Pamela Wiznitzer, formerly of The Dead Rabbit, created the elegant Seamstress cocktail list, including the best-selling “Mortimer & Mauve” (Whistle Pig rye, chai vermouth, Barrow’s Intense Ginger liqueur) and the Tabletop (Roca Reposado, thyme, lime, celery soda, pink salt), and chef Will Horowitz turns out crowd-pleasers like his rib eye for two, smoked and fried yardbird with preserved citrus thyme oil and chili garlic honey, and mutton burger with triple-crème cheese and buttermilk-fermented carrots. Raw bar offerings are pristinely fresh, like the Rocky Point oysters and the scallop crudo special, fresh off the boat from Long Island, that was on offer one night.
In addition to drink professionals from across the city, Seamstress regulars include couples from across the street who can stop by with their baby monitors and summer weekday solo dads who want a steak and a good bottle of red wine.
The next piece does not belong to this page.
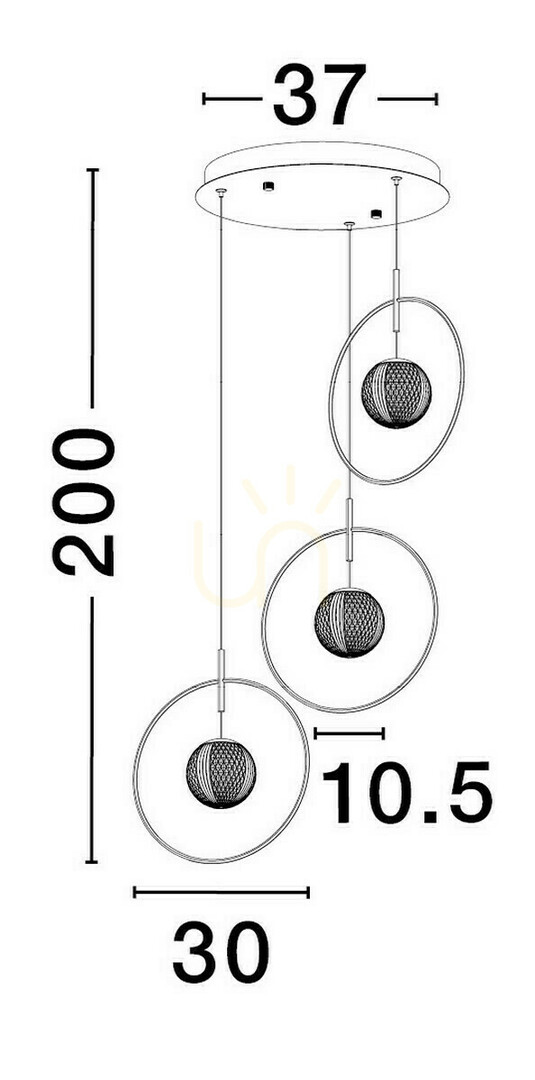 Pohled Závěsné svítidlo BACATA od Luces Exclusivas LE43202 Závěsné svítidlo BACATA od Luces Exclusivas LE43202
Places like this: The Infirmary, ABV, Earl’s Beer & Cheese, The Writing Room, Jones Wood Foundry, Drunken Munkey
Just off Madison on East 92nd, look for Table d’Hôte, chef-owner Bill Knapp’s charming pocket restaurant. Trained at Gramercy Tavern and Craft, Knapp met the former owners of the restaurant, Vivek Bandhu and Lauri Gibson, when he served as best man at the wedding of his buddy, Lincoln chef Jonathan Benno (the couple is aunt and uncle to Benno’s wife). Bandhu and Gibson talked Knapp into buying the restaurant, which he opened on a shoestring in September 2011, keeping the French name to save the cost of changing it. Knapp’s mom made the toile de jouy curtains, he put up a chalkboard, bought a few pots and pans and opened for business. He cites lessons from his stint working for Tom Colicchio at Gramercy Tavern as his biggest influence: “Buy the best ingredients and let them speak for themselves.” Customer favorites include his perfectly prepared octopus (braised in court bouillon, charred on the grill, tossed with lemon confit and garnished with fennel) and his off-the-menu rack of lamb with thyme butter, which in fall is served with Kalamata olive spätzle, roasted tomatoes, lemon confit and braised escarole.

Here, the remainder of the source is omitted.